There are certain transitions that seem logical or obvious but aren’t as easy to make as you would think. Being a entrepreneur doesn’t mean you will be a successful business owner. Many entrepreneurs struggle to make that transition to CEO, and often times their companies out-grow them. That’s why many of the most successful entrepreneurs have had a multitude of successful start-ups, and end up taking a role on the board of directors, or advisors, rather than drive their company into the ground. They know their strengths, and more importantly they know who to hire to get the job they need done, done.

The thing with a successful business plan is that you have to know your niche, and have an exit strategy. Entrepreneurs focus on the beginning, the establishment — developing an idea or concept; many times which comes from creating a convenience that they wanted but couldn’t find. Their end is when they either bow out gracefully, sell or…become the reason it fails.

When ever you start a business, you always have to know your exit strategy — or know where to go once you’ve reached what you were working for. Whether you have a number you want to reach financially so you can walk away and never have to work again (ie, retirement), or your company goes in a direction you do not agree with; and part ways. 

Initially, my plan was to establish this company, remain as majority stock holder and appoint a CEO to manage the team and run the show so I could focus my energy elsewhere — at the time it was returning to being an artist; now its more about philanthropy. Since I’ve grown, that has somewhat changed. My heart isn’t in being a performer, as much as I may miss it or enjoy the brief moments I get to be on stage. I mean, the plan is the same but I wouldn’t go back to being an artist; not full-time anyway. [The reasons I wanted to be an artists were rooted in the idea that that would be the best, and only, way I knew how to reach the people and community, and contribute to making changes, and the impact in my community. I now know better ways to initiate the changes I want to see and make the contributions I want to make…but that is a blog for another day..]

I wouldn’t consider myself an entrepreneur, although over the past few years I have started growing into that role and contributing to the start-up of many different projects that I am passionate about; I never would have been able to be at this position without AG One. I didn’t start AG One to be an entrepreneur. We started it because we knew what we wanted to do, and no one would give us the platform to do that unless we did it ourselves. I never went into the music industry with the sole purpose of getting rich or obtaining fame, but I was conscious of the fact that it was a possibility — the good and bad.

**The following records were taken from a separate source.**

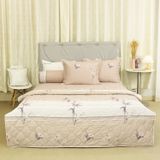  Bộ Ga Bọc (Hộp) Vanila (Vỏ Gối Nhí) 450 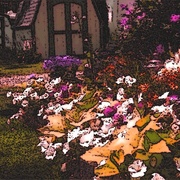 Digital_garden_card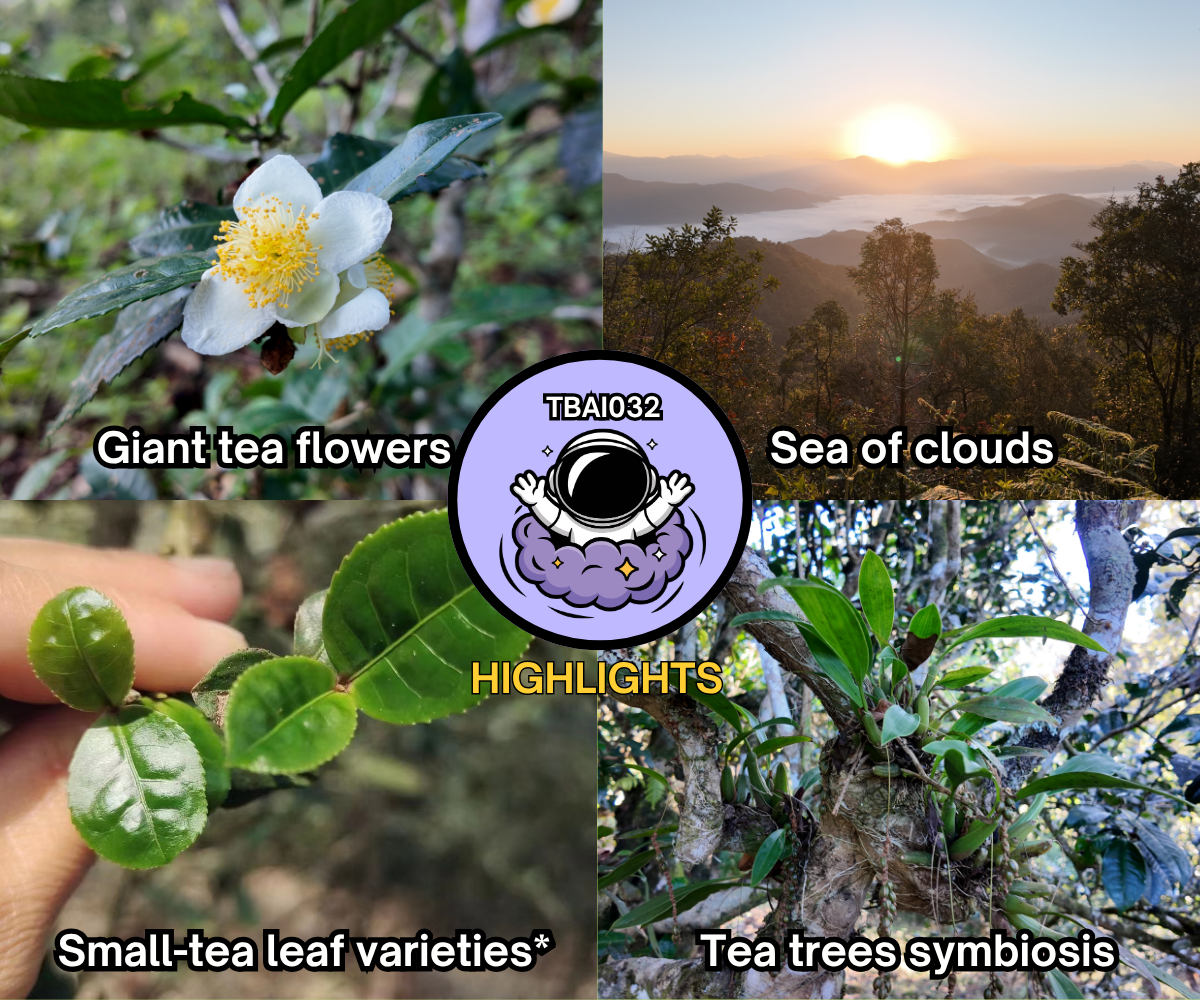 TBAI032 - Background - EN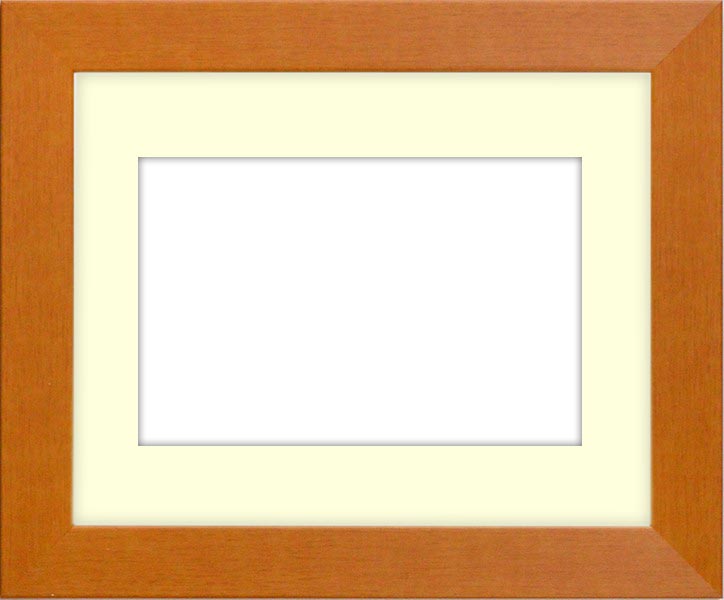 押し花額縁 1530/チーク 49額（485×395mm） マット付【osbn-C】 ※特殊加工品につき注文後のキャンセル・返品交換不可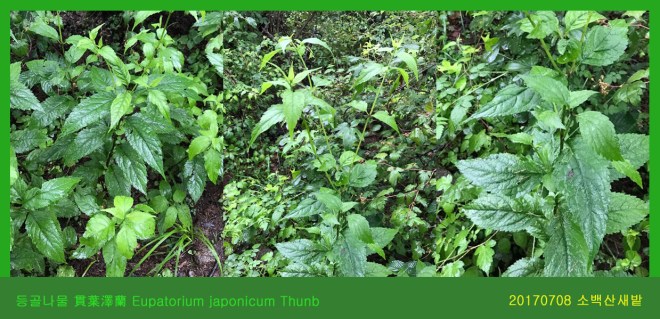 등골나물  0708-2017 소백산새밭(한)003.jpg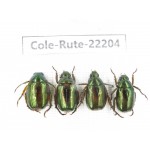 Rutelidae sp. China, Tibet, Linzhi, Motuo county. 4Pcs. Cole-Rute-22204.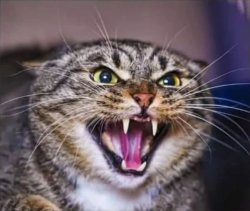 Angry Cat Meme Template
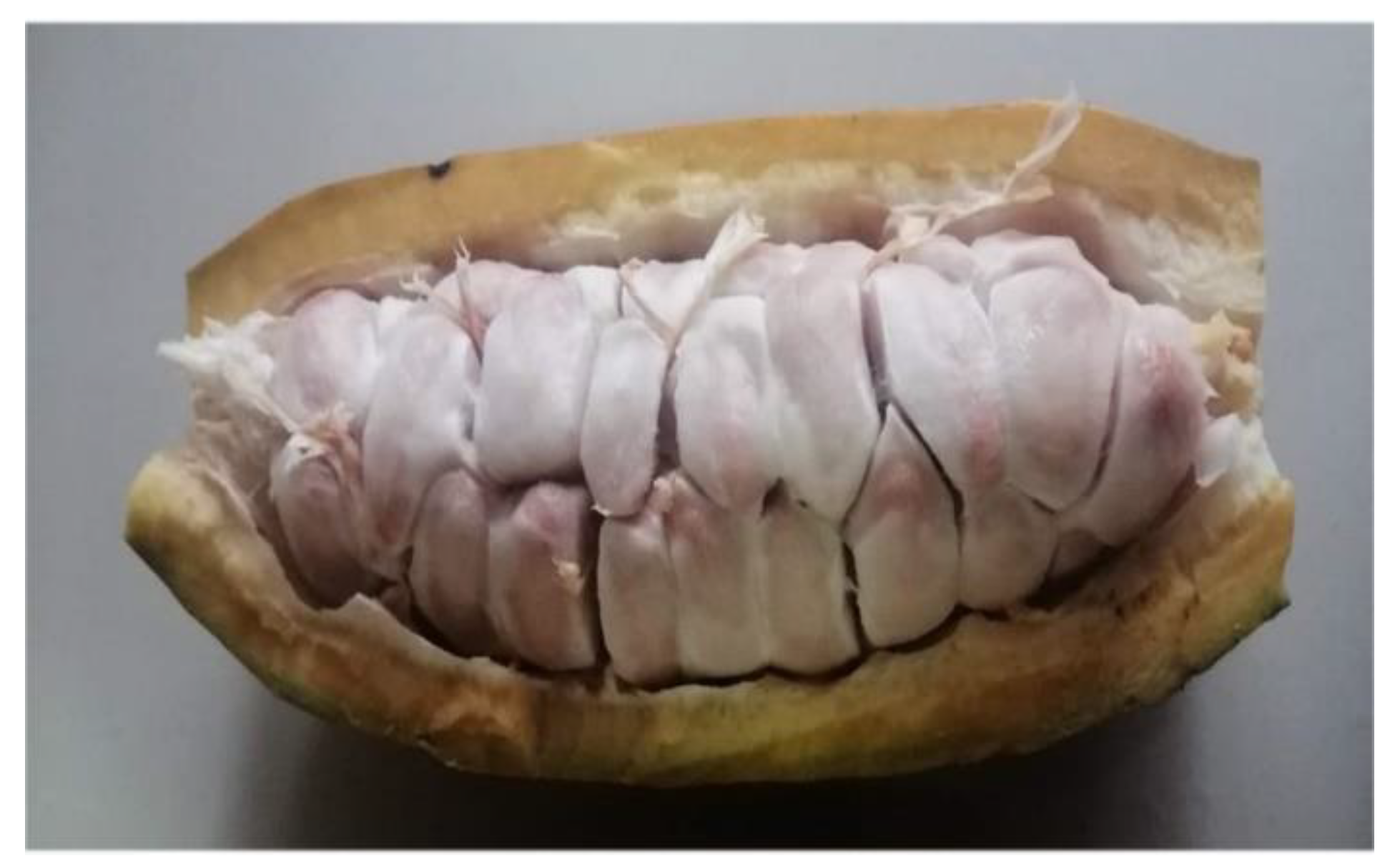 Fibers 10 00025 g002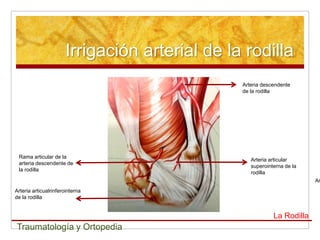 Irrigación arterial de la rodilla
                                                Arteria descendente
                    ...
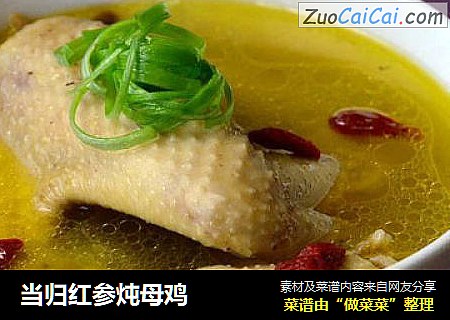 当归红参炖母鸡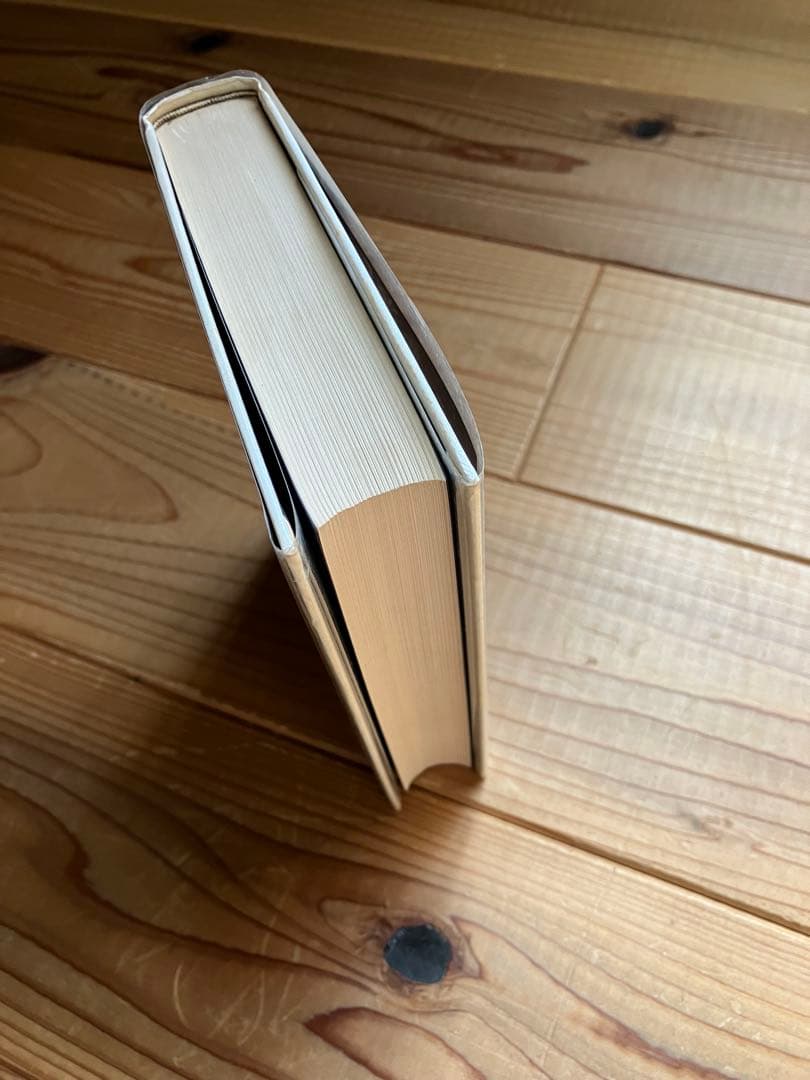 喰べられたい　「確信犯の肖像」 佐川一政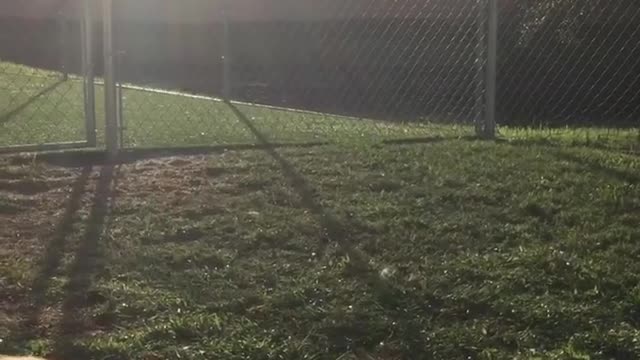 White borzoi dog spins around on green grass in cage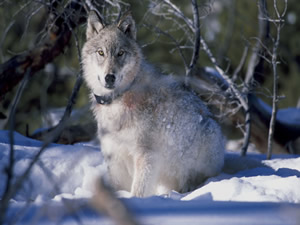 Northern Rocky Mountain Gray Wolf. Credit: USFWs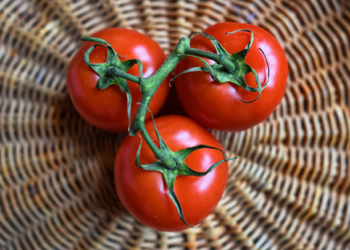 Temperatura cálida impulsará la producción de tomate en Baja California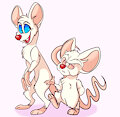 Pinky and the Brain by PlagueDogs123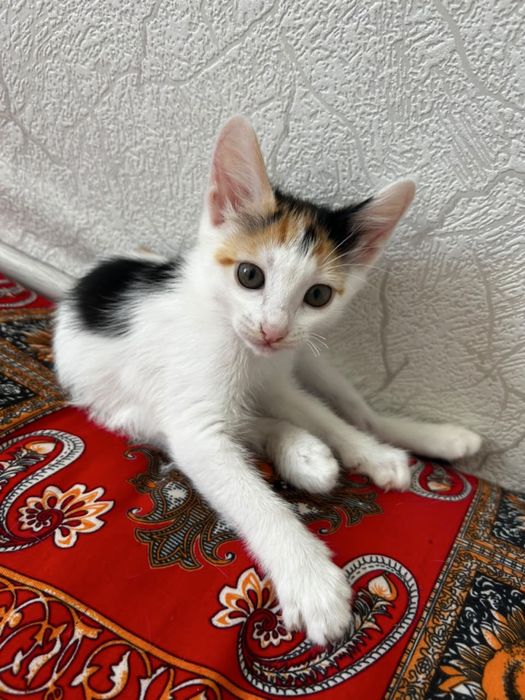 Отдам котека в добрые руки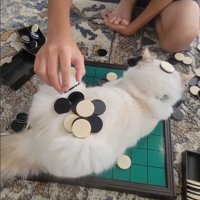ノセロ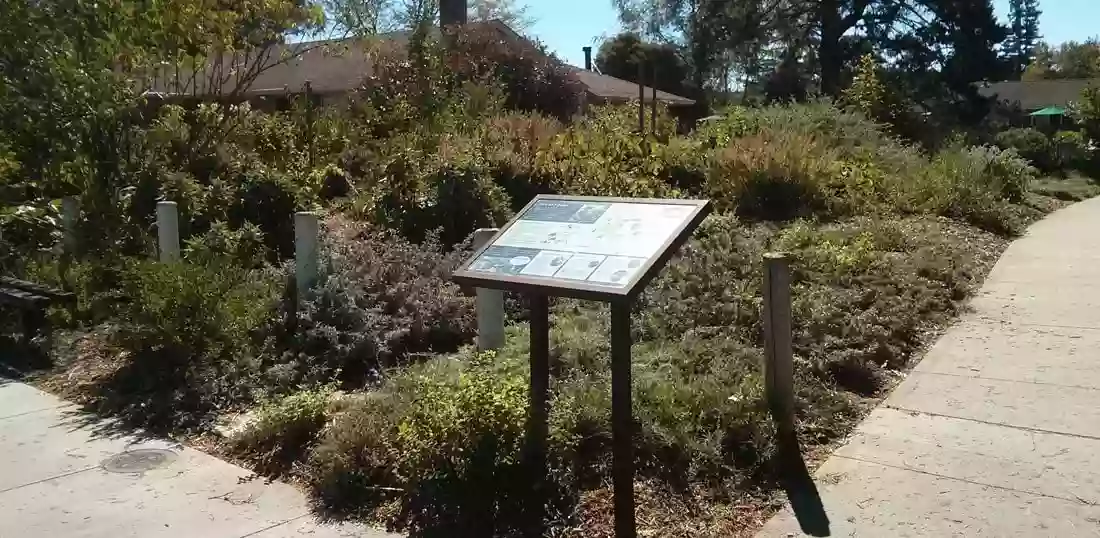 Pocket Park Food Forest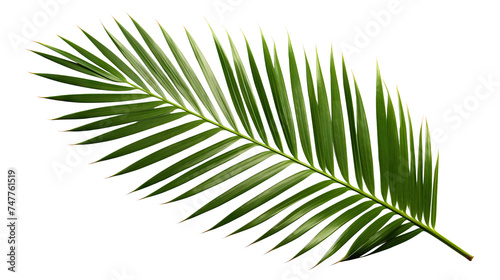 Tropical green palm leaf cut out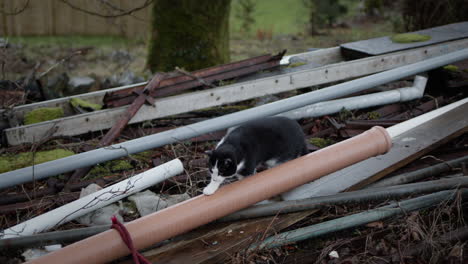 Cat-exploring-derelict-land,-with-pipes-and-planks-and-rubbish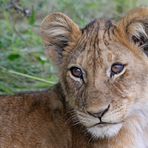 Masai Mara VIII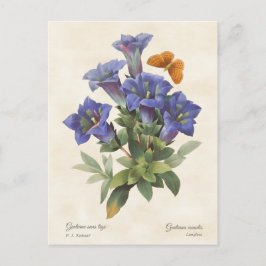 Lila Gentian Vintage botanische Illustration Postkarte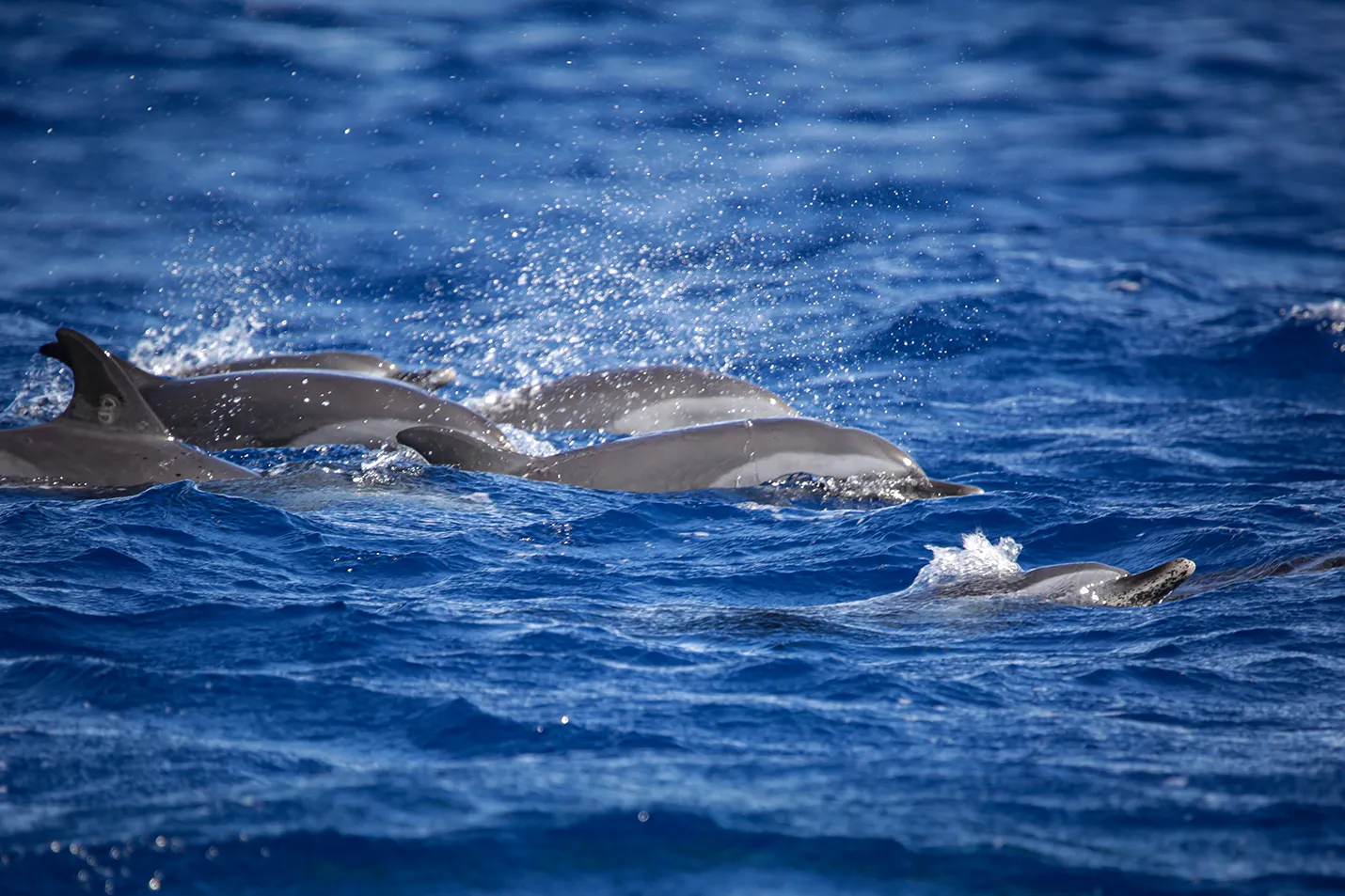 Dolphins on our marine safari. Photo by Heléne Ramackers Dolphins on our marine safari. Photo by Heléne Ramackers
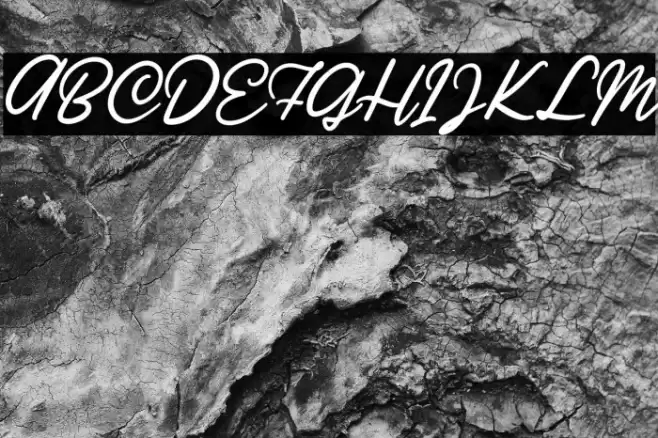 Ratilla Script Regular Fuentes examples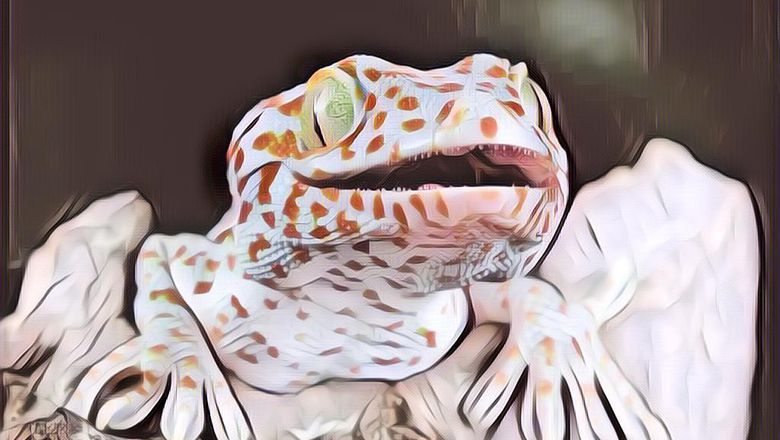 4 Negara yang Impor Tokek dari Indonesia, Harga Jualnya Bikin Kaget!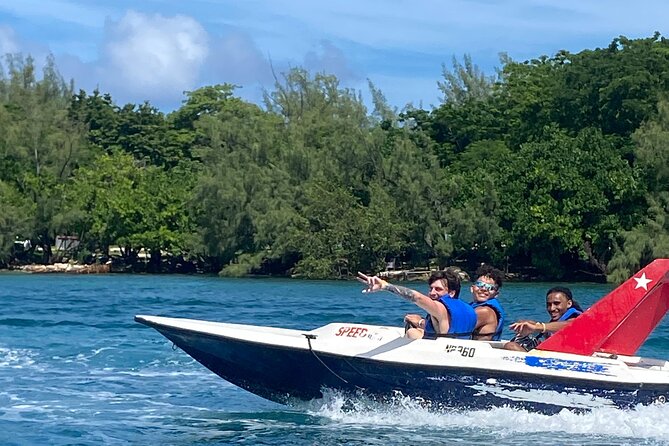 Self Drive Speedboat and Swim with the Pigs - The Private Pig Island: Feeding Time and Baby Pig Photos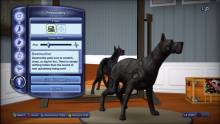 Les Sims 3 Animaux & Cie (17)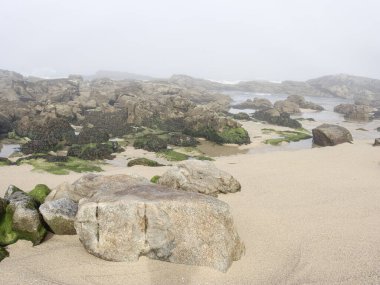 Kuzey Portekiz sahillerinden yazın ilk günü gelen huzurlu sisli kayalık plaj.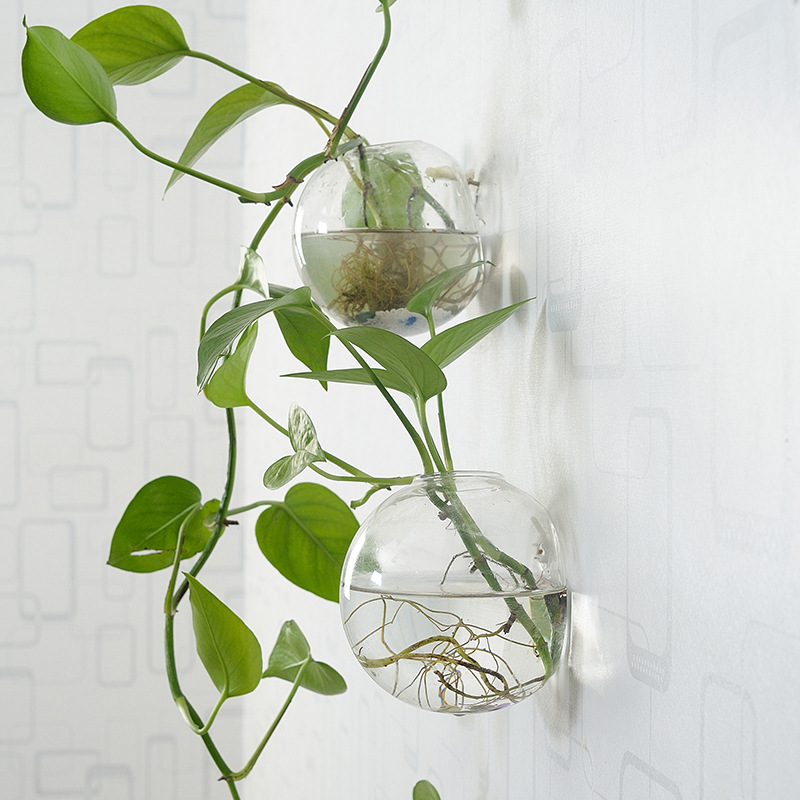 Akuarium Akrilik Gantung Dindi - Planted Aquarium Bowl ulasan dan harga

The reason I’m reflecting on this today is because while I was at my buddy’s house helping him unpack from his move he asked me, “Where do you see yourself and where do you want to be, will you be doing AG One forever, or do you plan to walk away?” Honestly, no I won’t do it forever. Once I reach my number — not including assets, property, or investments — I will gladly walk away and move into the next phase of my career and life. I would be able to dedicate my time to my family, and building my own family; and being involved in the philantrophic and community organizations…maybe even get my credentials and get back in the classroom. But for the time being, I have a mission to accomplish — and these are all career moves that will get me to the place that I need, and want, to be in order to really make the passion moves I intend to make.